Fisheries and shooting estates have been urged to be “extra wary” amid reports of increased poaching and attacks on shoots during the lockdown.
The Scottish Gamekeepers Association (SGA) warning follows what members believe was a deliberate attack on a woodland pheasant shoot, causing more than £30,000 worth of damage.
SGA member Bryan Carman said the Bellefield shoot, his shooting syndicate operation based in Warrington, Cheshire, has been burned down.
Power generators, chainsaws, pheasant feeders and other tools were destroyed in the woodland blaze on Wednesday April 15, along with four wooden cabins.
Mr Carman said: “We are a bunch of working blokes who have put years of our lives into building up the shoot from scratch. Now all that is left is ashes.
“It might not seem a lot to some folk but to us the shoot was a little sanctuary.
“They’ve taken advantage of the fact that people are not on the ground because of the lockdown.
“It wasn’t theft, either, they’ve just set fire to everything then left.”
He added: “I contacted the SGA – as we are members – to warn others that people might take advantage during this time.
“We wouldn’t want the same thing happening to others. We are all absolutely devastated.”
Elsewhere, Kinross Trout Fishery near Balado, Perth and Kinross, reported a spike in poaching since closure under the lockdown rules and is using CCTV cameras to monitor the property remotely.
Earlier this month, police in the Scottish Borders said two men, aged 38 and 32, were arrested and reported to the procurator fiscal in connection with allegations of illegal fishing.

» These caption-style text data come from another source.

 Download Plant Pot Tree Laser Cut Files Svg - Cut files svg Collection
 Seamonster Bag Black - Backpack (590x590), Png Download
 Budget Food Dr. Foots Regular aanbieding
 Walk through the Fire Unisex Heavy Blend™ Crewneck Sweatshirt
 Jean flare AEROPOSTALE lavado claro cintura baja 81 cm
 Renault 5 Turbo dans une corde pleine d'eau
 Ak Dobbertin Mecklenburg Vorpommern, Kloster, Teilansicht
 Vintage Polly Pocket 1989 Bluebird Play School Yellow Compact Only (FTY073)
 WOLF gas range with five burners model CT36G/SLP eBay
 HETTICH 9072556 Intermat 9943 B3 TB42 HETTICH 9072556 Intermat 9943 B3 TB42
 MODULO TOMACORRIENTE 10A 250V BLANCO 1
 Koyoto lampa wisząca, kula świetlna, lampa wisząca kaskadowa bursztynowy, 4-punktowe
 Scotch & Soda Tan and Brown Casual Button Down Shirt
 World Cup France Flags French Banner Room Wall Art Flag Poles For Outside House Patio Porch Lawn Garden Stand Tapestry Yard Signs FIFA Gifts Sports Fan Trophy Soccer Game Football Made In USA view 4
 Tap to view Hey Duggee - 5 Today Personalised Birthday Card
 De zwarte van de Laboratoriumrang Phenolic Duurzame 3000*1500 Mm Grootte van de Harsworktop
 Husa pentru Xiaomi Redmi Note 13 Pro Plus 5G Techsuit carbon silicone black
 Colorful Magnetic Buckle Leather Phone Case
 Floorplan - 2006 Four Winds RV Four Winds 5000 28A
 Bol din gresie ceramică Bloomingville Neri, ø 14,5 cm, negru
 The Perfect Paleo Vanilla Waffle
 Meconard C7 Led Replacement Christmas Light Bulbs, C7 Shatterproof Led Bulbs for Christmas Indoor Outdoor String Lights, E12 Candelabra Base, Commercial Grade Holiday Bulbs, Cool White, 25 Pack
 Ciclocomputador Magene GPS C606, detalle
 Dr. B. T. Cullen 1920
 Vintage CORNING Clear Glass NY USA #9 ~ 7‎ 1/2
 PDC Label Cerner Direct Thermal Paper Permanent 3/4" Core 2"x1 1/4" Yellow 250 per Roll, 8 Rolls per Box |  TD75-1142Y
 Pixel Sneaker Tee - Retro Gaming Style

Wildlife officer Constable Steven Irvine said the force believes poachers may be “taking advantage of our rivers being quieter than normal due to the current restrictions on travel and the limited amount of time people should be spending outdoors to help ease the pressure on the NHS and save lives”.
He stressed fishing is “not an essential reason for people to be leaving their homes”.
Mr Irvine also warned people walking as part of their daily exercise not to tamper with cage traps on hillsides.
SGA chairman Alex Hogg said a high seat – equipment used to give a vantage point for shoots – was vandalised on Portmore Estate in the Borders where he works as the number of people accessing estate ground has quadrupled.
He said there is a fear anti-field sports campaigners and poachers will be emboldened by lockdown, with fewer people monitoring the ground.
Mr Hogg said: “Sporting estates were already living with legal traps and property being vandalised by people opposed to shooting.
“What happened to our members in Warrington last week has been absolutely soul-destroying for them.
“There’s enough to be worrying about just now without things like this but everyone should be extra wary during lockdown.”